- Born: Robert Daniel Soros 1963 (age 62–63) New York City, U.S.
- Education: New York University (BA)
- Occupation: Investor
- Employers: Soros Fund Management; (1994–2017); Soros Capital Management; (2017–present);
- Spouse(s): Melissa Robin Schiff ​ ​(m. 1992; div. 2014)​ Jamie Singer ​(m. 2020)​
- Father: George Soros
- Relatives: Jonathan Soros (brother) Alexander Soros (half-brother) Tivadar Soros (grandfather) Paul Soros (uncle)

= Robert Soros =

American investor

Robert Daniel Soros (born 1963) is an American investor and the founder of Soros Capital Management. The eldest son of billionaire investor George Soros, he was the deputy chairman and president of his father's firm, Soros Fund Management, until June 2017. He then formed Soros Capital Management, a family office based in New York.

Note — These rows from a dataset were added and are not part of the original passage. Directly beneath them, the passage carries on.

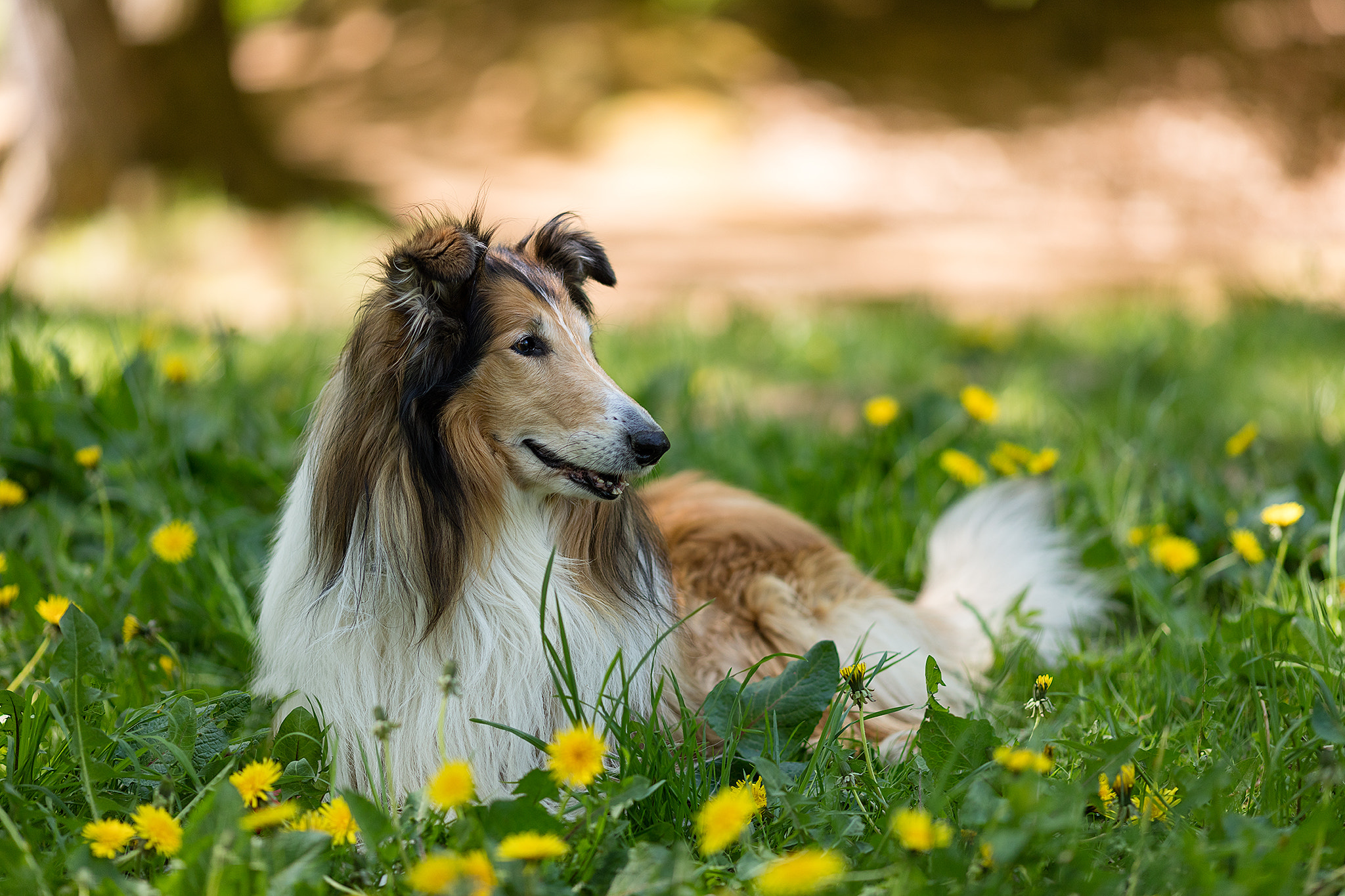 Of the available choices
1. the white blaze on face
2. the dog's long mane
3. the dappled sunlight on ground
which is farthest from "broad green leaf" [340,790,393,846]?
the dappled sunlight on ground

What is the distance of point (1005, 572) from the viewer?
10.8 feet

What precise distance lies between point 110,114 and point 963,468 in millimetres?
6974

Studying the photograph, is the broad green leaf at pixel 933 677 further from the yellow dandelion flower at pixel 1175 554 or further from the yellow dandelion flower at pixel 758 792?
the yellow dandelion flower at pixel 1175 554

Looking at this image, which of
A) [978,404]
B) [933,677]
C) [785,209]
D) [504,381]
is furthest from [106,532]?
[785,209]

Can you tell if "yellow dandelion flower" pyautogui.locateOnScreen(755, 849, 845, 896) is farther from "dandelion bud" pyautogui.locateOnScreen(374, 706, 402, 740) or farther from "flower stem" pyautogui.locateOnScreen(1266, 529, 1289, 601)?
"flower stem" pyautogui.locateOnScreen(1266, 529, 1289, 601)

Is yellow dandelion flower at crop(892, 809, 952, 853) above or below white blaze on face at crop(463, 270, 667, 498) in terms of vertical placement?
below

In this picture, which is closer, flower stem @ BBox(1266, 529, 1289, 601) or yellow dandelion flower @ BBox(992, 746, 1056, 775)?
yellow dandelion flower @ BBox(992, 746, 1056, 775)

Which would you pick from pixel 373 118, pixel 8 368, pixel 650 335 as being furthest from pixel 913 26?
pixel 8 368

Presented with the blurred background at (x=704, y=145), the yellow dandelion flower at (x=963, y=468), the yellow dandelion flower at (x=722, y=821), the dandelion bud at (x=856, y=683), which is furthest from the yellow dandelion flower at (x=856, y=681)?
the blurred background at (x=704, y=145)

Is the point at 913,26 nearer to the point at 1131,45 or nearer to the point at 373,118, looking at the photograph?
the point at 1131,45

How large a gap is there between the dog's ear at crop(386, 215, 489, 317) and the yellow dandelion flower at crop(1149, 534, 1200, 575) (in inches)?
85.1

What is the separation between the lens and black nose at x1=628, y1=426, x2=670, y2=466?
7.32 feet

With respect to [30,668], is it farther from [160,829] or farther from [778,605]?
[778,605]

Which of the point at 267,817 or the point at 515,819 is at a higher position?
the point at 267,817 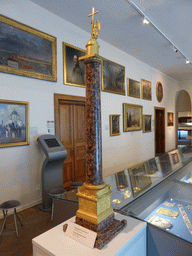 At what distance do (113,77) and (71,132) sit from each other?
10.1ft

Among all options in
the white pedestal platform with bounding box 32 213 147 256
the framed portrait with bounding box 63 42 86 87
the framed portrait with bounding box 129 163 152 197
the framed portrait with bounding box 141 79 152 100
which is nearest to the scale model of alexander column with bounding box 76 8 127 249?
the white pedestal platform with bounding box 32 213 147 256

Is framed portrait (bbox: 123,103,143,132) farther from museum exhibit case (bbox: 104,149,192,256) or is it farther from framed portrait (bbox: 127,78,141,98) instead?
museum exhibit case (bbox: 104,149,192,256)

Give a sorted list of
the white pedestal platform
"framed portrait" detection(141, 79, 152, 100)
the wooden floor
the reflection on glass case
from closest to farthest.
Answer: the white pedestal platform
the reflection on glass case
the wooden floor
"framed portrait" detection(141, 79, 152, 100)

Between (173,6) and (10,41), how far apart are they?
14.0 ft

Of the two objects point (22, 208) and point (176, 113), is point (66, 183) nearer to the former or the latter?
point (22, 208)

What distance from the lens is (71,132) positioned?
6.17m

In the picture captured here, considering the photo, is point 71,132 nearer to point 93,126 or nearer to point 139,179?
point 139,179

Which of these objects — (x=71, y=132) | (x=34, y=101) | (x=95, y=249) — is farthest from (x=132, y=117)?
(x=95, y=249)

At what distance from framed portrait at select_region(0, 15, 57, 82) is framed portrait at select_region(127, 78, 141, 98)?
4408 mm

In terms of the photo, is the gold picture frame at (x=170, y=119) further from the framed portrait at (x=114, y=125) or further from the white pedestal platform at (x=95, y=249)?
the white pedestal platform at (x=95, y=249)

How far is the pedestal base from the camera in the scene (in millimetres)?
1592

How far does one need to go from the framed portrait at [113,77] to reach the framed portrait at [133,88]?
521 mm

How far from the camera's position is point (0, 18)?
164 inches

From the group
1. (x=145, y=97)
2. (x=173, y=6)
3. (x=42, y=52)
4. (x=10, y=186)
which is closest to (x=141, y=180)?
(x=10, y=186) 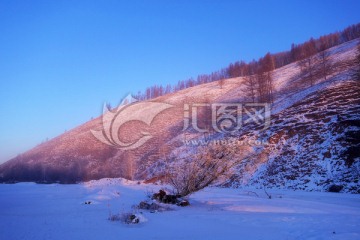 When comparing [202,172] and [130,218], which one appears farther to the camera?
[202,172]

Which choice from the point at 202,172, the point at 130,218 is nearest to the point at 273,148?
the point at 202,172

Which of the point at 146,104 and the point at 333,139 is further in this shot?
the point at 146,104

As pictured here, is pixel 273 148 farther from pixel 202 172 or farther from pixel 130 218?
pixel 130 218

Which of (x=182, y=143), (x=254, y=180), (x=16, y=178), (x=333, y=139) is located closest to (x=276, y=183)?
(x=254, y=180)

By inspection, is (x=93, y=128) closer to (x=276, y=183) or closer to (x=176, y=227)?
(x=276, y=183)

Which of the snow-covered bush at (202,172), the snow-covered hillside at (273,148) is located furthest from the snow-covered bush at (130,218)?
the snow-covered hillside at (273,148)

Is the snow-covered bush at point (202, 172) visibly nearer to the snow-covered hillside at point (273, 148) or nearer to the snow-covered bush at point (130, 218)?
the snow-covered bush at point (130, 218)

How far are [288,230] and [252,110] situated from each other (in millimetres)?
46789

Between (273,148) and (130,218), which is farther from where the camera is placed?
(273,148)

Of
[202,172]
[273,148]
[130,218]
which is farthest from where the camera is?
[273,148]

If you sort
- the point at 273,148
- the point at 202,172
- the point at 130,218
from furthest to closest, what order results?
the point at 273,148 → the point at 202,172 → the point at 130,218

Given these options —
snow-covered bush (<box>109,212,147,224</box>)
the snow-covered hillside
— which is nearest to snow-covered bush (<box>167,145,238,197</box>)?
snow-covered bush (<box>109,212,147,224</box>)

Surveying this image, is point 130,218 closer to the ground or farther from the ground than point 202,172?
closer to the ground

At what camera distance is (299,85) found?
60.6 metres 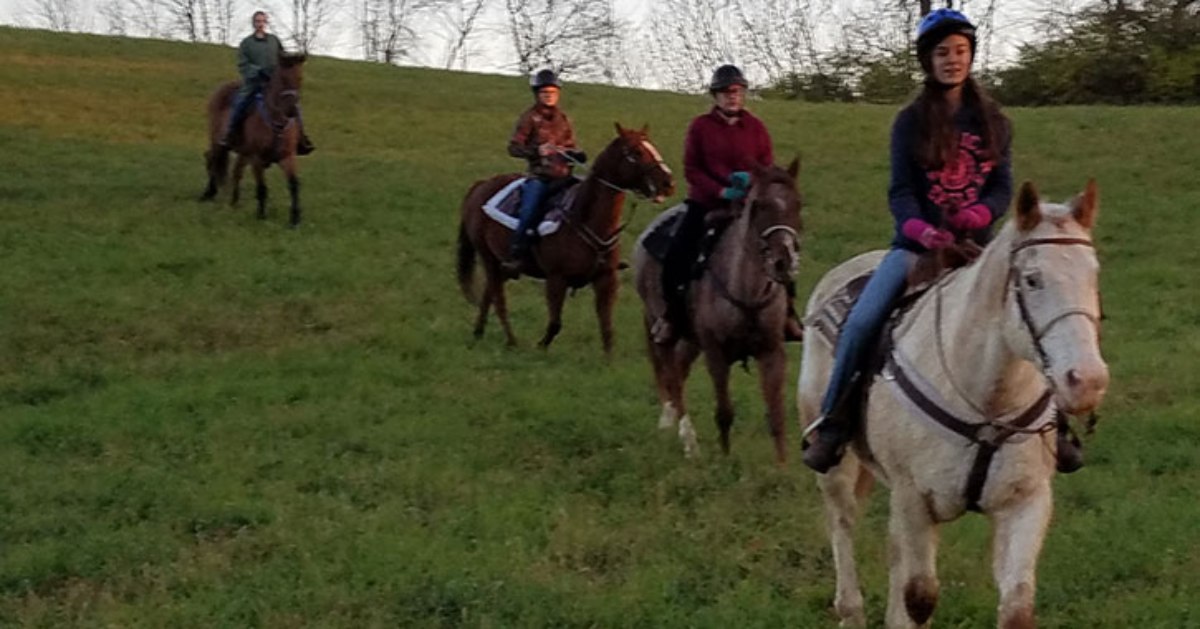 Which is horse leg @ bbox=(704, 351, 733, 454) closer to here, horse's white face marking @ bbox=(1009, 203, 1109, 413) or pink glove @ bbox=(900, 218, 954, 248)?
pink glove @ bbox=(900, 218, 954, 248)

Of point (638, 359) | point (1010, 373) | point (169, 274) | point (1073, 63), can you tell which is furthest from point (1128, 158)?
point (1010, 373)

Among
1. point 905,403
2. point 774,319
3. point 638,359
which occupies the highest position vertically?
point 905,403

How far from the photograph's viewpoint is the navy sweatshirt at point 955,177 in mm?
5375

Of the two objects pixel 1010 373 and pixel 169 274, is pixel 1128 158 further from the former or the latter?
pixel 1010 373

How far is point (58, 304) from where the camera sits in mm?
14859

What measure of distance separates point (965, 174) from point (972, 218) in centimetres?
25

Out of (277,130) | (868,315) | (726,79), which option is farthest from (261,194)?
(868,315)

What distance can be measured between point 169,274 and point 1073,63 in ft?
95.1

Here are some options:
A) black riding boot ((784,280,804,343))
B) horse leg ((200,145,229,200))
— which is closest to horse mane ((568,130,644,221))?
black riding boot ((784,280,804,343))

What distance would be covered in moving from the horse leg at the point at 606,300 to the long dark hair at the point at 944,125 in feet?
26.7

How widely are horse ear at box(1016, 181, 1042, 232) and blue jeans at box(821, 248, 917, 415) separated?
116cm

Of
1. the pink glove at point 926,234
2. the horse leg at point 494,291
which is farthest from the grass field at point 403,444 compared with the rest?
the pink glove at point 926,234

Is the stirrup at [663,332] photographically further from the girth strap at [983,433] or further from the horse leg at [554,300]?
the girth strap at [983,433]

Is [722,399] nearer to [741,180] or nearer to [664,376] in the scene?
[664,376] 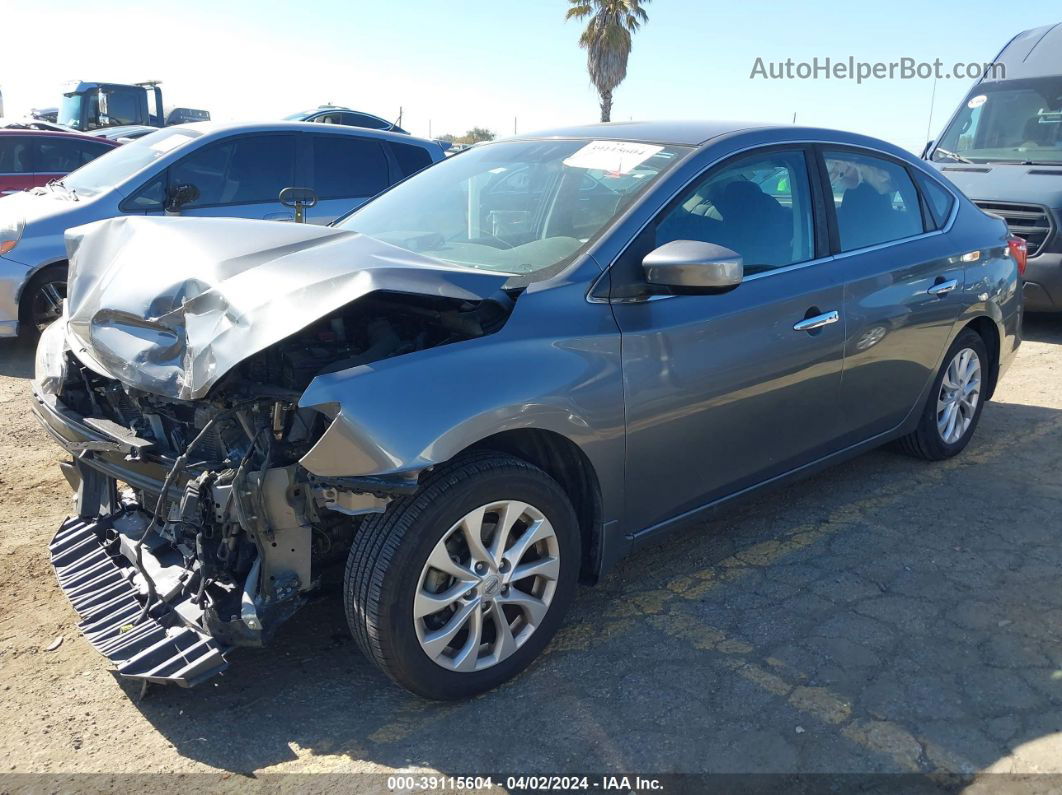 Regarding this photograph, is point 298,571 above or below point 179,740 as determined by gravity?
above

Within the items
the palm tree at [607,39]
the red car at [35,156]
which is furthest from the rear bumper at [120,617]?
the palm tree at [607,39]

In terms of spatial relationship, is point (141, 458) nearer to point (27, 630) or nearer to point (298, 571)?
point (298, 571)

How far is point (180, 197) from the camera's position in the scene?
6.59 metres

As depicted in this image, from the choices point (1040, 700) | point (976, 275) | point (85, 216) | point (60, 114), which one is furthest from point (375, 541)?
point (60, 114)

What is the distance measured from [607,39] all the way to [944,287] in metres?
24.0

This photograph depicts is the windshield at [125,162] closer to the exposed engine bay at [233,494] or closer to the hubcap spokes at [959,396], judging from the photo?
the exposed engine bay at [233,494]

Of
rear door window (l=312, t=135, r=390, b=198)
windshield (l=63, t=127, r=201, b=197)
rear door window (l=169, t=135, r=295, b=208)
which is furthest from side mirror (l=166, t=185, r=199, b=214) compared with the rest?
rear door window (l=312, t=135, r=390, b=198)

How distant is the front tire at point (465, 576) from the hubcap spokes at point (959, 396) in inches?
106

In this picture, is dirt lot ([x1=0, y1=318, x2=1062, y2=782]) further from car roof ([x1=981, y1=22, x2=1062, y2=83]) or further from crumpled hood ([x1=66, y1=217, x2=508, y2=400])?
car roof ([x1=981, y1=22, x2=1062, y2=83])

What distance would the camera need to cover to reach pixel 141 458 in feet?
8.99

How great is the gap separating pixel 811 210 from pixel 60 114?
899 inches

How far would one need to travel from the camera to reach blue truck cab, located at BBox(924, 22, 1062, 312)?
7699 millimetres

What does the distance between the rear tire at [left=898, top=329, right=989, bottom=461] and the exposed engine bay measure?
2.81 m

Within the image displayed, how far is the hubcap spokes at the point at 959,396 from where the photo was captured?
4.63 m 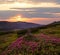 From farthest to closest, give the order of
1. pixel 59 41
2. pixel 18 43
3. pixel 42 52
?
1. pixel 18 43
2. pixel 59 41
3. pixel 42 52

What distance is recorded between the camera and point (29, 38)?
38.1 m

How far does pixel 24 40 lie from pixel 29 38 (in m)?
0.81

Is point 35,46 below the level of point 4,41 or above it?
above

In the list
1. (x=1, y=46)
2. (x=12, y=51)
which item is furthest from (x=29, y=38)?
(x=1, y=46)

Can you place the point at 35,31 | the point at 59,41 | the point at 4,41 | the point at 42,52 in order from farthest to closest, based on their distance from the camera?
the point at 35,31
the point at 4,41
the point at 59,41
the point at 42,52

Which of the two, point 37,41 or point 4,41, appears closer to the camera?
point 37,41

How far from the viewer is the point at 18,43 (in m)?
37.6

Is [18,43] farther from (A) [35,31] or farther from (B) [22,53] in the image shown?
(A) [35,31]

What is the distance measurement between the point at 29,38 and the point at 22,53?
4.51 meters

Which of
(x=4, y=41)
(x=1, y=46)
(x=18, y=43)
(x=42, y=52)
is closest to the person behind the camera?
(x=42, y=52)

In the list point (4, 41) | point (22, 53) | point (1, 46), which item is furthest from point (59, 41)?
→ point (4, 41)

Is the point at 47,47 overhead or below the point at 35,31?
overhead

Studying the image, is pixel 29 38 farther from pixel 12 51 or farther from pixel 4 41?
pixel 4 41

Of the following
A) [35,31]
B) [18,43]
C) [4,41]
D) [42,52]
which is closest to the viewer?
[42,52] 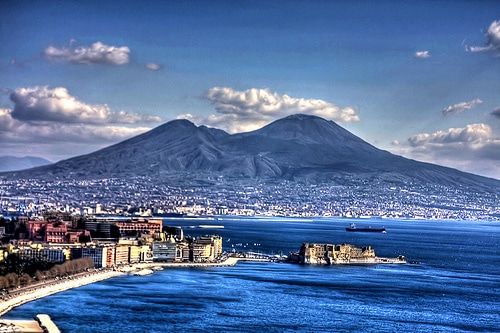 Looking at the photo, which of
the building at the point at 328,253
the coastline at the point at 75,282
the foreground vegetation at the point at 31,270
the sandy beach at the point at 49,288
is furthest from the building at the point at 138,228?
the sandy beach at the point at 49,288

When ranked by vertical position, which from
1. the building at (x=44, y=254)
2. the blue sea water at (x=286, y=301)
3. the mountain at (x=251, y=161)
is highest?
the mountain at (x=251, y=161)

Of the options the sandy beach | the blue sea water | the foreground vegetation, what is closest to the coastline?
the sandy beach

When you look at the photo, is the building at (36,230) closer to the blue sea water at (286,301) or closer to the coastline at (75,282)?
the coastline at (75,282)

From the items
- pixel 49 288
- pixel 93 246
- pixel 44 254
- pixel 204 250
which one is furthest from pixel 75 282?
pixel 204 250

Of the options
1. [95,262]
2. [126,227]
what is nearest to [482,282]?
[95,262]

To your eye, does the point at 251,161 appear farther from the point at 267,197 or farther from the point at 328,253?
the point at 328,253

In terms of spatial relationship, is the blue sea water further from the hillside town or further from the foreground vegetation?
the hillside town

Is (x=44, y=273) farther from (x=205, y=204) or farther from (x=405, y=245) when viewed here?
(x=205, y=204)
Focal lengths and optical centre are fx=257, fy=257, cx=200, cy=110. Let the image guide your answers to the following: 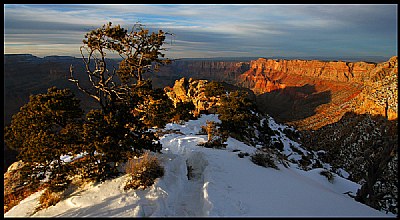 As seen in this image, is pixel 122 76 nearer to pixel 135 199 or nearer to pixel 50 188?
Result: pixel 50 188

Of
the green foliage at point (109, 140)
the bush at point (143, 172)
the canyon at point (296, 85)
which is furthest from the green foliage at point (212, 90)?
the bush at point (143, 172)

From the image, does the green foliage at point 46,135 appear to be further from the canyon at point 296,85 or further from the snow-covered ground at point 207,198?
the canyon at point 296,85

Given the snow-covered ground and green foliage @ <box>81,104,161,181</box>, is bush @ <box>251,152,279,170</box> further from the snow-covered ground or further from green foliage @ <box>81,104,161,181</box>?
green foliage @ <box>81,104,161,181</box>

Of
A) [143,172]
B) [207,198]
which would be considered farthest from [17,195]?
[207,198]

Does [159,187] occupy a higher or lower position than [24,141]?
lower

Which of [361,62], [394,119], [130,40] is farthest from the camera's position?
[361,62]

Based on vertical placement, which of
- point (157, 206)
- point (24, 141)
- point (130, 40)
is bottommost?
point (157, 206)

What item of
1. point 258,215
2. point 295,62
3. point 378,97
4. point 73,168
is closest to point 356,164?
point 378,97

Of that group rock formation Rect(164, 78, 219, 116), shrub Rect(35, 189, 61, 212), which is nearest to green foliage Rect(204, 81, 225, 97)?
rock formation Rect(164, 78, 219, 116) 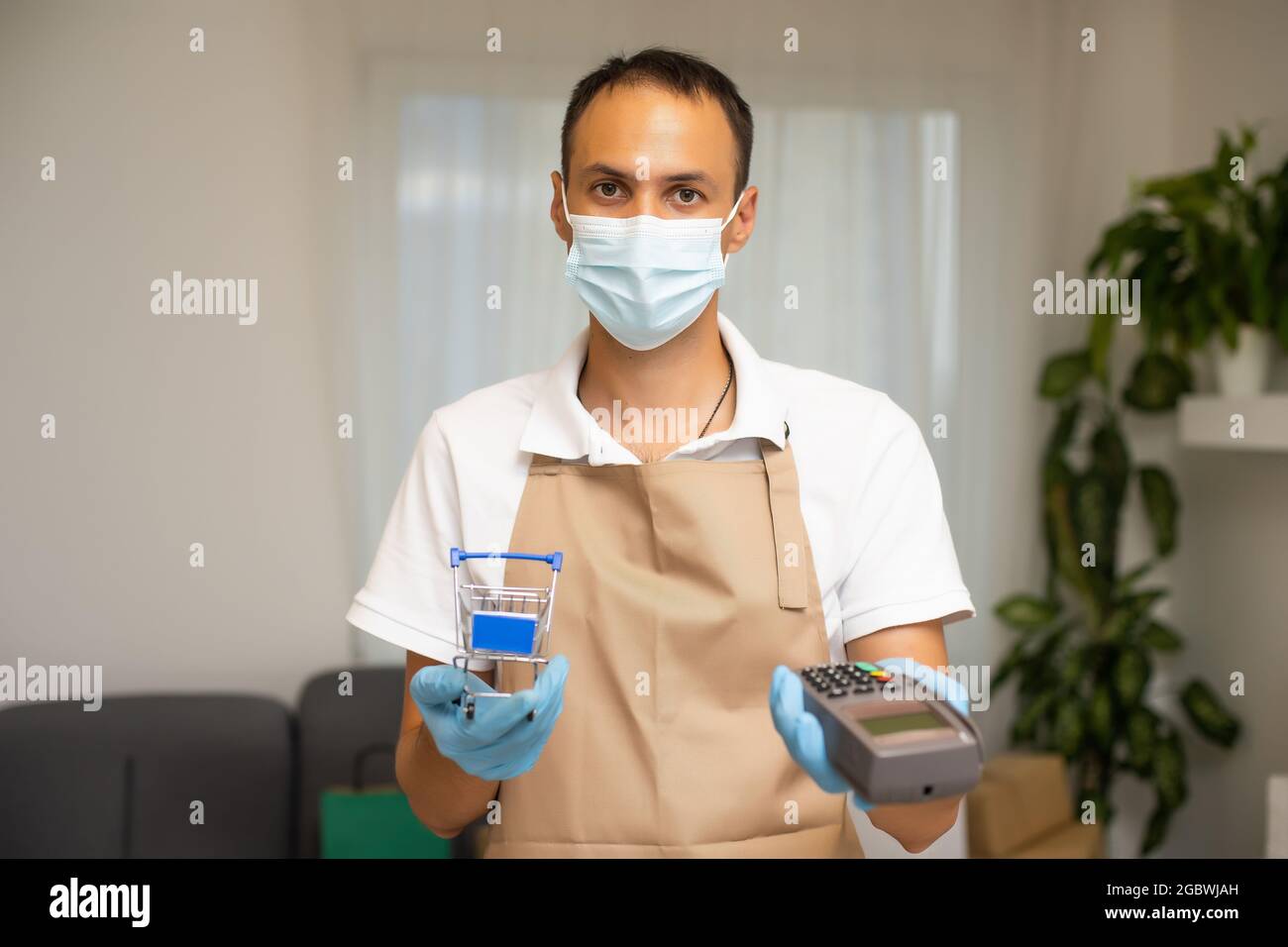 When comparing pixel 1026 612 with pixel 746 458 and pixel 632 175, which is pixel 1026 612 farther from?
pixel 632 175

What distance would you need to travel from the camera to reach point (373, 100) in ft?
6.50

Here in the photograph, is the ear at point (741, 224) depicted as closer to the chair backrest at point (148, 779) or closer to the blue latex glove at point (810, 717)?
the blue latex glove at point (810, 717)

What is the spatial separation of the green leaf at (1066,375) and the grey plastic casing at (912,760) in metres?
1.58

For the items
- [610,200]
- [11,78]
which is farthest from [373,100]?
[610,200]

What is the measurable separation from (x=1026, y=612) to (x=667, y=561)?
142 centimetres

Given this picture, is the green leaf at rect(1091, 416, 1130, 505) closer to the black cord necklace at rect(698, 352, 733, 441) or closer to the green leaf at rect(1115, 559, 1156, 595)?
the green leaf at rect(1115, 559, 1156, 595)

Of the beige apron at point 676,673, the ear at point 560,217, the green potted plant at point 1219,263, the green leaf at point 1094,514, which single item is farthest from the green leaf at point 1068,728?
the ear at point 560,217

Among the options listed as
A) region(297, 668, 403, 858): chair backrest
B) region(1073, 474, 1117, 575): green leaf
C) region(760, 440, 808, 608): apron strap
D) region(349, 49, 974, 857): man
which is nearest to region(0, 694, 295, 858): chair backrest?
region(297, 668, 403, 858): chair backrest

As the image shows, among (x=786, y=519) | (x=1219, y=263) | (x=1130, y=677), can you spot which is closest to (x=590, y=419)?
(x=786, y=519)

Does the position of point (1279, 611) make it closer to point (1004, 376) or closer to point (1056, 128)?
point (1004, 376)

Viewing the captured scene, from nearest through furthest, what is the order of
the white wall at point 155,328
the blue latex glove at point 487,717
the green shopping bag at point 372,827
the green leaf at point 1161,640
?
the blue latex glove at point 487,717, the green shopping bag at point 372,827, the white wall at point 155,328, the green leaf at point 1161,640

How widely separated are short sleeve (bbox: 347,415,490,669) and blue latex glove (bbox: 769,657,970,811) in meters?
0.27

== Early life and education ==
Robert Daniel Soros was born in 1963 in New York City, the eldest son of Annaliese and George Soros, a billionaire investor who founded Soros Fund Management. Robert attended Choate Rosemary Hall, a boarding school in Wallingford, Connecticut. He later graduated in 1986 with a degree in English literature from New York University.

== Career ==
Soros began his career working at his father's firm, Soros Fund Management. His first employment at the firm was brief and he left to work at a variety of other organizations, including the German bank Schröder, Münchmeyer, Hengst & Co. He returned to work at his father's firm in 1994.

In 2000, George Soros announced that he would be rolling back his involvement in his firm and appointed Robert Soros as interim chief executive. In October 2001, William Stack was appointed chief executive of Soros Fund Management to replace Robert Soros, who was named deputy chairman. In 2004, Soros was named chief investment officer (CIO) in addition to deputy chairman of the firm which at the time managed $12.8 billion in assets. Soros was in charge of the Quantum Endowment Fund, an investment portfolio managing $8.3 billion in assets. He held the CIO position for two years while continuing to make personal investments as well as trade stocks, bonds, currencies and commodities. Soros stopped trading for the firm in 2012 and continued to manage his own investments.

Soros Fund Management had $26 billion in assets under management by June 2017 when Soros stepped down as deputy chairman and president to start Soros Capital Management. A family office based in New York, his firm was a major backer of the Japanese deferred online payment service Paidy, which was acquired by PayPal for $2.7 billion in 2021.

== Personal life ==
On May 5, 1992, Soros married Melissa Robin Schiff at the Temple Emanu-El in New York City. They filed for divorce in 2014. In October 2020, Soros married Jamie Singer Soros, the CEO and founder of Ussie. She is 22 years his junior.

Soros is an avid competitive sailor.